- Film poster
- Traditional Chinese: 衝鋒戰警
- Simplified Chinese: 冲锋战警
- Hanyu Pinyin: Chōng Fēng Zhàn Jǐng
- Jyutping: Cung1 Fung1 Zin3 Ging2
- Directed by: Dennis Law
- Written by: Dennis Law
- Produced by: Dennis Law
- Starring: Simon Yam Lam Suet Sam Lee Maggie Shiu Niu Mengmeng Wang Ziyi Maggie Li Ken Lo
- Cinematography: Ko Chiu Lam
- Edited by: Yau Chi Wai
- Music by: Tommy Wai
- Production company: Point of View Movie Production
- Distributed by: Newport Entertainment
- Release date: 28 November 2013;
- Running time: 84 minutes
- Country: Hong Kong
- Language: Cantonese

= The Constable =

2013 Hong Kong film by Dennis Law

The Constable is a 2013 Hong Kong action drama film written, produced and directed by Dennis Law and starring Simon Yam.

==Plot==
Lam Kwok-kuen is a police officer who served for many years in the police force and has many admirable achievements.

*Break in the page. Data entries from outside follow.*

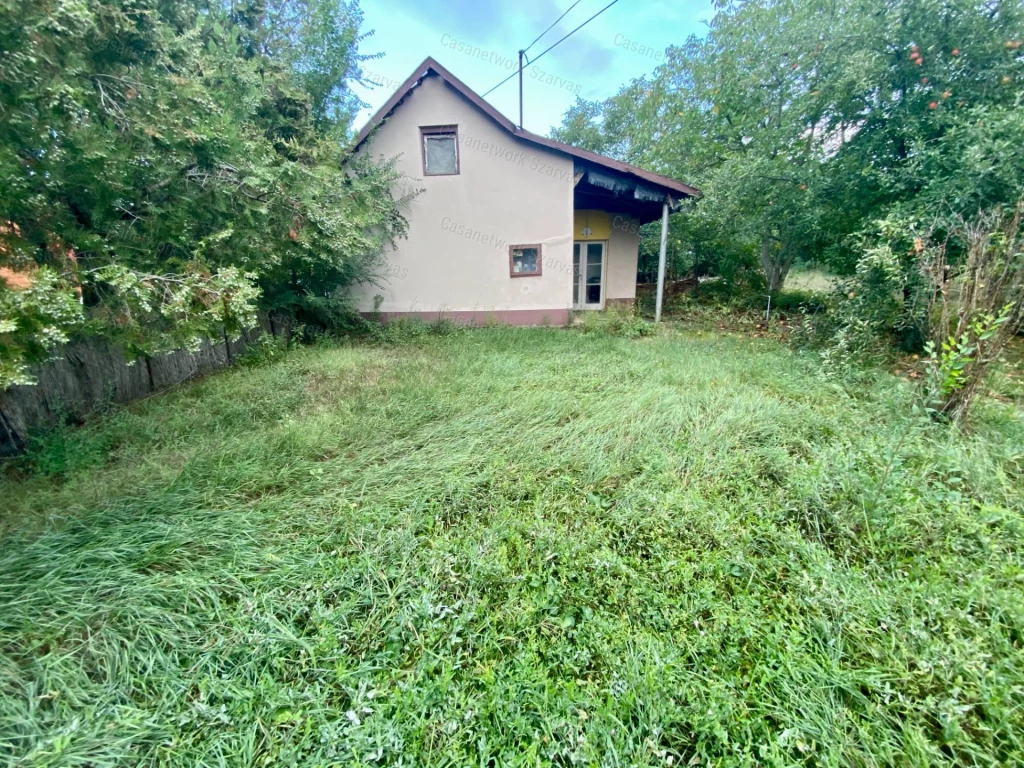 For sale house, Békésszentandrás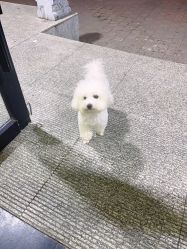 -無名发艺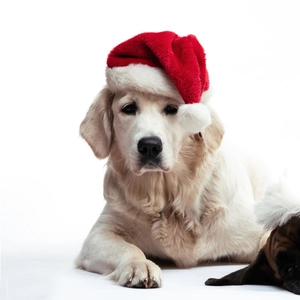 Golden Retriever wearing the plush red Christmas pet hat with white pom-pom detail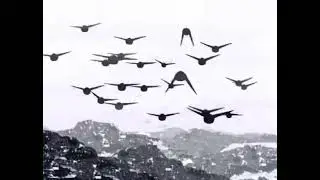 Home x Territory | Christian L&ouml;ffler x The Blaze |VvddB Edit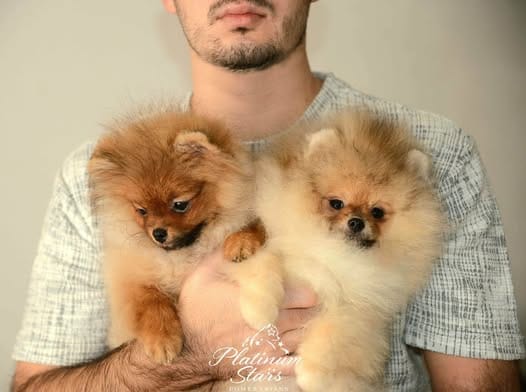 Щенки миниатюрного немецкого шпица (померанского шпица) — фото 10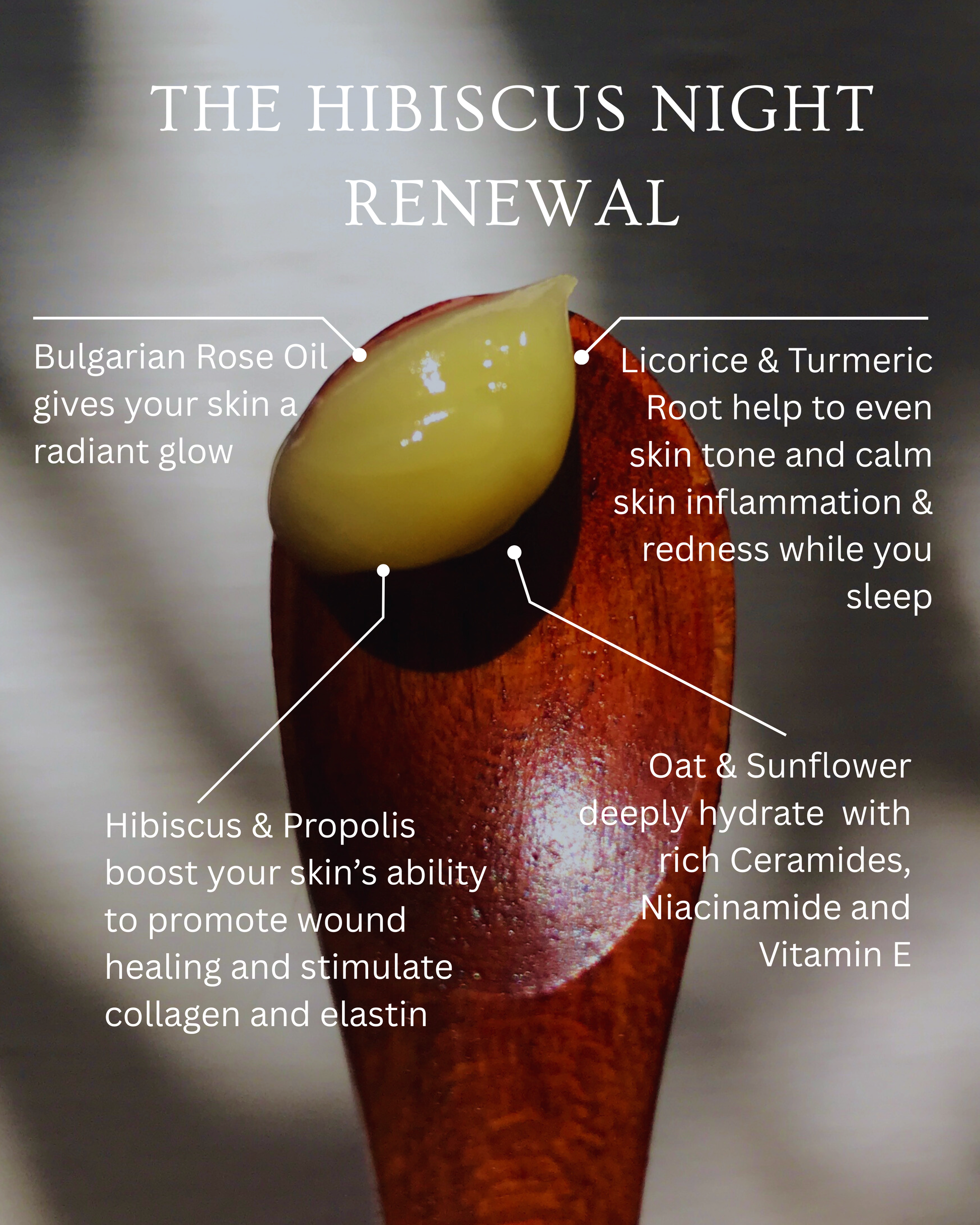 Hibiscus Night Renewal with text detailing its benefits for skin care, including Bulgarian Rose Oil, Licorice & Turmeric Root, Oat & Sunflower, and Hibiscus & Propolis.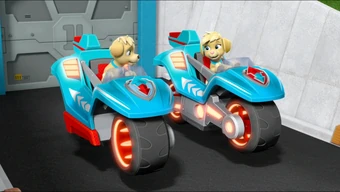 paw patrol mighty pups twins toys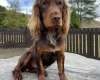 Cocker Spaniel (Working)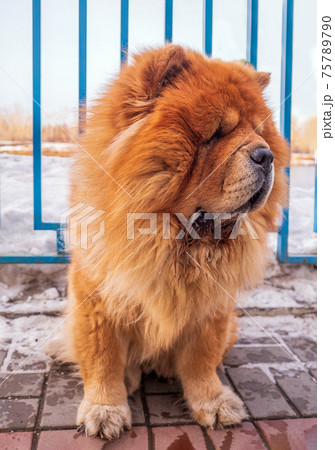 A beautiful chow-chow dog is sitting on the sidewalk. Winter shoot. Close-up. Animal portrait. A beautiful chow-chow dog is sitting on the sidewalk. Winter shoot. Close-up. Animal portrait. 75789790
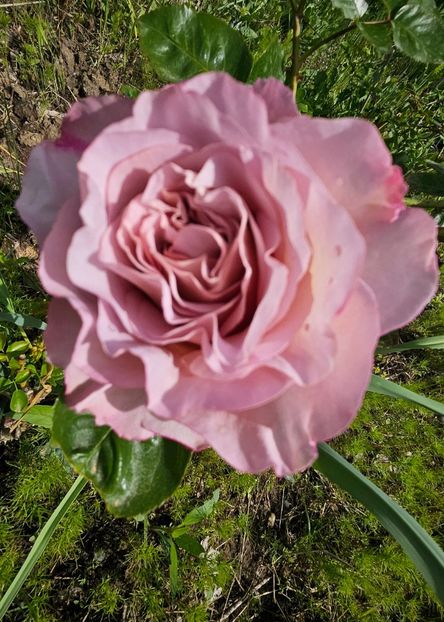  - Trandafiri 2023 3 2024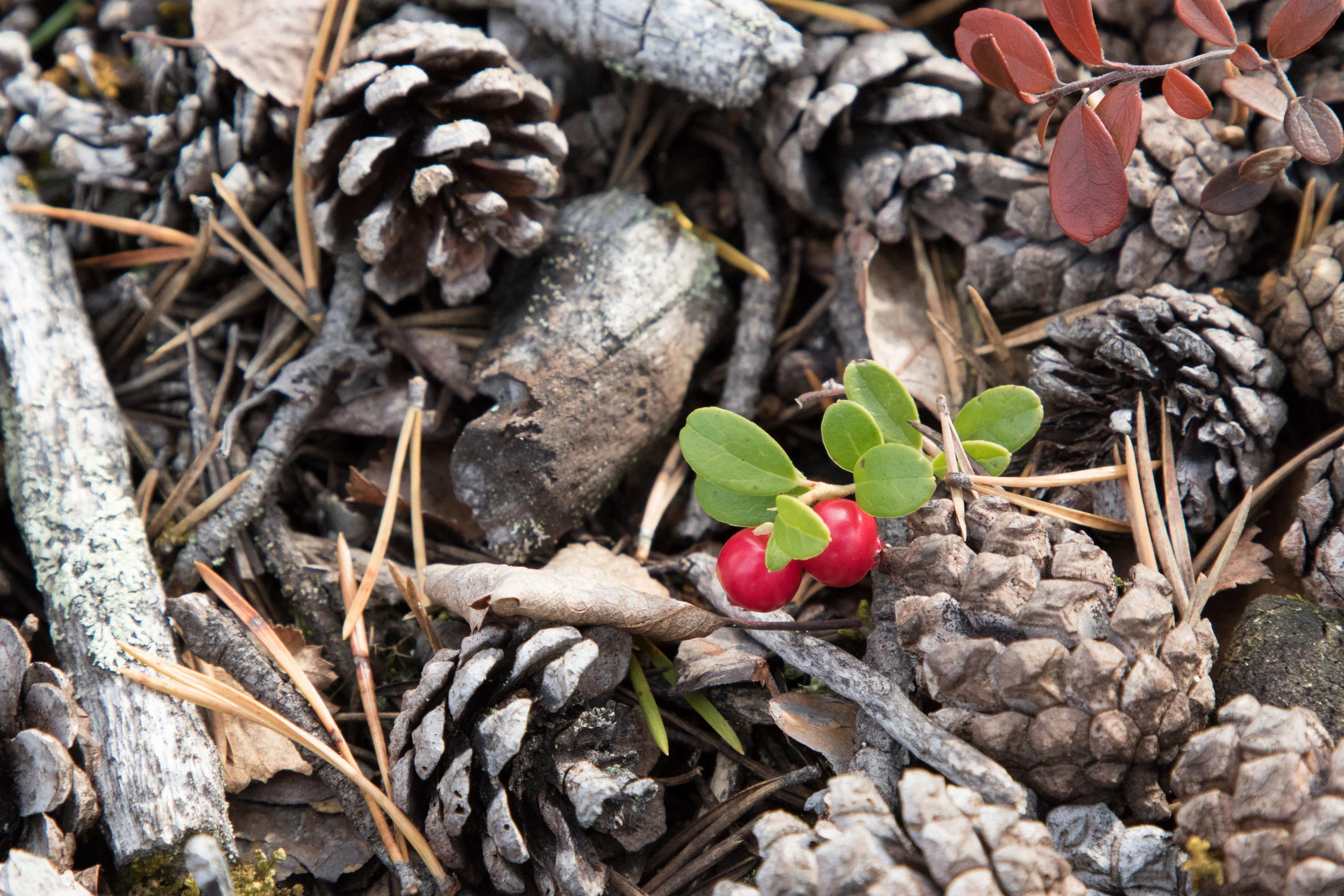 copyright_vhephotography_ruska_0W0A8498.JPG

He now taking care of his intellectually disabled son, Chung.

Lam hires a girl named Lin Tsui-yan to watch Chung when he goes to work. This made Tsui-yan's boyfriend, Chow Gong-hong feel uncomfortable. But after a while, Chung suffered a heart attack and died in his sleep. After Chung's death, Tsui-yan still spent a lot of time at Lam's house. Gong-hong begins to get angry and suspects that Tsui-yan having an affair with Lam. Tsui-yan wants to break up with Gong-hong and return to her hometown.

Gong-hong owed money to a gangster named Dah Kin, and Dah Kin asked Gong-hong to go with him if Gong-hong wants to have money to repay. Dah Kin and his gang have a plot to rob the bank. After his son's death, Lam asked to be transfer from the transport team to the criminal team.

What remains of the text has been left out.